* _TASK REQUIREMENTS_: Could you return the full listing, every line exactly as given?

EXCERPTED RECORDS: Begin

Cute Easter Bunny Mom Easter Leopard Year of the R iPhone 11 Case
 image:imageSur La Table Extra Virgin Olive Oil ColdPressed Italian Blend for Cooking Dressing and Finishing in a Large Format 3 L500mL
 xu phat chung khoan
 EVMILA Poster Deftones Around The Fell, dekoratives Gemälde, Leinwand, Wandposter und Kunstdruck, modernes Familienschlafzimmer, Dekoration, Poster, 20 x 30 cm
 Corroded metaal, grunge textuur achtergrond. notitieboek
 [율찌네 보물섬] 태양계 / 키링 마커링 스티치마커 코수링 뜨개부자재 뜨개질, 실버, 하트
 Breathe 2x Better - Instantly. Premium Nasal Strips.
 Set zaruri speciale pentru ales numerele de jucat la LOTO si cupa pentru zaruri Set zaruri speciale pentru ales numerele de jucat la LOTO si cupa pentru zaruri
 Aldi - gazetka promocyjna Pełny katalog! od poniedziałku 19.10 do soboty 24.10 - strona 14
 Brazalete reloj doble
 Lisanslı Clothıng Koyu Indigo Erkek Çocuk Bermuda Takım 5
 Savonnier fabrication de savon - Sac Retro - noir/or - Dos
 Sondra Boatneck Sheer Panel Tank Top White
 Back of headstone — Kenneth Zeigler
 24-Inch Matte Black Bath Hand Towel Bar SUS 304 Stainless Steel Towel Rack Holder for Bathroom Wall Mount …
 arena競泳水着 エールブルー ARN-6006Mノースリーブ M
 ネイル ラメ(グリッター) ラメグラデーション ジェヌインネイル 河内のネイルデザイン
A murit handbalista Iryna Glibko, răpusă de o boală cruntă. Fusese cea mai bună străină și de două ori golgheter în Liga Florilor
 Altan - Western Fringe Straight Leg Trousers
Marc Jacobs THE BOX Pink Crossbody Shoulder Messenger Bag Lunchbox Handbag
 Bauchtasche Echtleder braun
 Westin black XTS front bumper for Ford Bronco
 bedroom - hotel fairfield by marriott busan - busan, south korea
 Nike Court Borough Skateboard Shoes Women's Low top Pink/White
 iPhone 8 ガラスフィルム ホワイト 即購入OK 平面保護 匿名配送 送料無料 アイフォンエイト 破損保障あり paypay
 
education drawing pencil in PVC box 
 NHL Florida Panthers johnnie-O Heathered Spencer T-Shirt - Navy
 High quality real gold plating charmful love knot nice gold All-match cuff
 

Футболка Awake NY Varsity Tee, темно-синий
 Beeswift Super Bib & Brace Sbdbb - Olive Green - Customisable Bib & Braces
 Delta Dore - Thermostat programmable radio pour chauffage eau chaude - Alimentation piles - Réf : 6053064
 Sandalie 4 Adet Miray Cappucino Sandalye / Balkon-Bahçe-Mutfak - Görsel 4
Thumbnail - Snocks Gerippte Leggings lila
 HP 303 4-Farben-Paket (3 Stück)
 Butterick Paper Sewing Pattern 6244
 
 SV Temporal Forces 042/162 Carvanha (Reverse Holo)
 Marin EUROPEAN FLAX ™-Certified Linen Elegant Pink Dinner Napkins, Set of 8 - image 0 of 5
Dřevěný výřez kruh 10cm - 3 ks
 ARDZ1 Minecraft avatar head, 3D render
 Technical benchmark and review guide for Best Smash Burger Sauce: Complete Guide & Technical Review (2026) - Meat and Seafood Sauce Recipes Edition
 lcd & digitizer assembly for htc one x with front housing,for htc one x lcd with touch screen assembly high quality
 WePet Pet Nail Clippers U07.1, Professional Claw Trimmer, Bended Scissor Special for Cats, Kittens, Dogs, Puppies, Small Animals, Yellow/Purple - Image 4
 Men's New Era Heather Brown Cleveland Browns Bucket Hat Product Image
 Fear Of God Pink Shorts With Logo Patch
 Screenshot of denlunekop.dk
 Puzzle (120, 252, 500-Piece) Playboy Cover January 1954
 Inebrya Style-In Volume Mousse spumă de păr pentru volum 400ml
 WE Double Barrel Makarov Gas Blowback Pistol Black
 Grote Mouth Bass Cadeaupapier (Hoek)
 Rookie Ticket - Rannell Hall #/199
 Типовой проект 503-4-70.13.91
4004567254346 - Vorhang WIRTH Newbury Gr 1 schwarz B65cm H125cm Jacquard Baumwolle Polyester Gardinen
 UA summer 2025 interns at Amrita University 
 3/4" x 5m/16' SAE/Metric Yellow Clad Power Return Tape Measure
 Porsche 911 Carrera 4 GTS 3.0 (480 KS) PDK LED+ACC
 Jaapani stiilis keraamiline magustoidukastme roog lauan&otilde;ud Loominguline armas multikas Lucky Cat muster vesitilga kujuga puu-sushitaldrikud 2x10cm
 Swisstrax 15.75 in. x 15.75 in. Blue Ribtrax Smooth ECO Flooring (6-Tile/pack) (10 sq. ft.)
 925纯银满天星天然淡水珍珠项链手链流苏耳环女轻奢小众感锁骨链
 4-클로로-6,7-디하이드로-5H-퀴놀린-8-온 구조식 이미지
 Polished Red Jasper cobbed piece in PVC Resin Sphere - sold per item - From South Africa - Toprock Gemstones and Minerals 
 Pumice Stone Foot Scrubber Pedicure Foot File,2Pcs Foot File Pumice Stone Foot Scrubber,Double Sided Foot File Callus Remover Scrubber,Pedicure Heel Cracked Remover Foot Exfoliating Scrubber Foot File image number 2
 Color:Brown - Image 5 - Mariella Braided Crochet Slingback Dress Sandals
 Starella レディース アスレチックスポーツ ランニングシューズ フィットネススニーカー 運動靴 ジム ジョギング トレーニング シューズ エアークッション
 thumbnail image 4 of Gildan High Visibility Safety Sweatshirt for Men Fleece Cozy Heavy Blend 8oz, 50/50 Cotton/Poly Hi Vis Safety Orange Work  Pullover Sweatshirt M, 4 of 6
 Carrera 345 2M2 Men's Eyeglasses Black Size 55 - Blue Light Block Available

EXCERPTED RECORDS: End

* _ANSWER SECTION_:
Cute Easter Bunny Mom Easter Leopard Year of the R iPhone 11 Case
 image:imageSur La Table Extra Virgin Olive Oil ColdPressed Italian Blend for Cooking Dressing and Finishing in a Large Format 3 L500mL
 xu phat chung khoan
 EVMILA Poster Deftones Around The Fell, dekoratives Gemälde, Leinwand, Wandposter und Kunstdruck, modernes Familienschlafzimmer, Dekoration, Poster, 20 x 30 cm
 Corroded metaal, grunge textuur achtergrond. notitieboek
 [율찌네 보물섬] 태양계 / 키링 마커링 스티치마커 코수링 뜨개부자재 뜨개질, 실버, 하트
 Breathe 2x Better - Instantly. Premium Nasal Strips.
 Set zaruri speciale pentru ales numerele de jucat la LOTO si cupa pentru zaruri Set zaruri speciale pentru ales numerele de jucat la LOTO si cupa pentru zaruri
 Aldi - gazetka promocyjna Pełny katalog! od poniedziałku 19.10 do soboty 24.10 - strona 14
 Brazalete reloj doble
 Lisanslı Clothıng Koyu Indigo Erkek Çocuk Bermuda Takım 5
 Savonnier fabrication de savon - Sac Retro - noir/or - Dos
 Sondra Boatneck Sheer Panel Tank Top White
 Back of headstone — Kenneth Zeigler
 24-Inch Matte Black Bath Hand Towel Bar SUS 304 Stainless Steel Towel Rack Holder for Bathroom Wall Mount …
 arena競泳水着 エールブルー ARN-6006Mノースリーブ M
 ネイル ラメ(グリッター) ラメグラデーション ジェヌインネイル 河内のネイルデザイン
A murit handbalista Iryna Glibko, răpusă de o boală cruntă. Fusese cea mai bună străină și de două ori golgheter în Liga Florilor
 Altan - Western Fringe Straight Leg Trousers
Marc Jacobs THE BOX Pink Crossbody Shoulder Messenger Bag Lunchbox Handbag
 Bauchtasche Echtleder braun
 Westin black XTS front bumper for Ford Bronco
 bedroom - hotel fairfield by marriott busan - busan, south korea
 Nike Court Borough Skateboard Shoes Women's Low top Pink/White
 iPhone 8 ガラスフィルム ホワイト 即購入OK 平面保護 匿名配送 送料無料 アイフォンエイト 破損保障あり paypay
 
education drawing pencil in PVC box 
 NHL Florida Panthers johnnie-O Heathered Spencer T-Shirt - Navy
 High quality real gold plating charmful love knot nice gold All-match cuff
 

Футболка Awake NY Varsity Tee, темно-синий
 Beeswift Super Bib & Brace Sbdbb - Olive Green - Customisable Bib & Braces
 Delta Dore - Thermostat programmable radio pour chauffage eau chaude - Alimentation piles - Réf : 6053064
 Sandalie 4 Adet Miray Cappucino Sandalye / Balkon-Bahçe-Mutfak - Görsel 4
Thumbnail - Snocks Gerippte Leggings lila
 HP 303 4-Farben-Paket (3 Stück)
 Butterick Paper Sewing Pattern 6244
 
 SV Temporal Forces 042/162 Carvanha (Reverse Holo)
 Marin EUROPEAN FLAX ™-Certified Linen Elegant Pink Dinner Napkins, Set of 8 - image 0 of 5
Dřevěný výřez kruh 10cm - 3 ks
 ARDZ1 Minecraft avatar head, 3D render
 Technical benchmark and review guide for Best Smash Burger Sauce: Complete Guide & Technical Review (2026) - Meat and Seafood Sauce Recipes Edition
 lcd & digitizer assembly for htc one x with front housing,for htc one x lcd with touch screen assembly high quality
 WePet Pet Nail Clippers U07.1, Professional Claw Trimmer, Bended Scissor Special for Cats, Kittens, Dogs, Puppies, Small Animals, Yellow/Purple - Image 4
 Men's New Era Heather Brown Cleveland Browns Bucket Hat Product Image
 Fear Of God Pink Shorts With Logo Patch
 Screenshot of denlunekop.dk
 Puzzle (120, 252, 500-Piece) Playboy Cover January 1954
 Inebrya Style-In Volume Mousse spumă de păr pentru volum 400ml
 WE Double Barrel Makarov Gas Blowback Pistol Black
 Grote Mouth Bass Cadeaupapier (Hoek)
 Rookie Ticket - Rannell Hall #/199
 Типовой проект 503-4-70.13.91
4004567254346 - Vorhang WIRTH Newbury Gr 1 schwarz B65cm H125cm Jacquard Baumwolle Polyester Gardinen
 UA summer 2025 interns at Amrita University 
 3/4" x 5m/16' SAE/Metric Yellow Clad Power Return Tape Measure
 Porsche 911 Carrera 4 GTS 3.0 (480 KS) PDK LED+ACC
 Jaapani stiilis keraamiline magustoidukastme roog lauan&otilde;ud Loominguline armas multikas Lucky Cat muster vesitilga kujuga puu-sushitaldrikud 2x10cm
 Swisstrax 15.75 in. x 15.75 in. Blue Ribtrax Smooth ECO Flooring (6-Tile/pack) (10 sq. ft.)
 925纯银满天星天然淡水珍珠项链手链流苏耳环女轻奢小众感锁骨链
 4-클로로-6,7-디하이드로-5H-퀴놀린-8-온 구조식 이미지
 Polished Red Jasper cobbed piece in PVC Resin Sphere - sold per item - From South Africa - Toprock Gemstones and Minerals 
 Pumice Stone Foot Scrubber Pedicure Foot File,2Pcs Foot File Pumice Stone Foot Scrubber,Double Sided Foot File Callus Remover Scrubber,Pedicure Heel Cracked Remover Foot Exfoliating Scrubber Foot File image number 2
 Color:Brown - Image 5 - Mariella Braided Crochet Slingback Dress Sandals
 Starella レディース アスレチックスポーツ ランニングシューズ フィットネススニーカー 運動靴 ジム ジョギング トレーニング シューズ エアークッション
 thumbnail image 4 of Gildan High Visibility Safety Sweatshirt for Men Fleece Cozy Heavy Blend 8oz, 50/50 Cotton/Poly Hi Vis Safety Orange Work  Pullover Sweatshirt M, 4 of 6
 Carrera 345 2M2 Men's Eyeglasses Black Size 55 - Blue Light Block Available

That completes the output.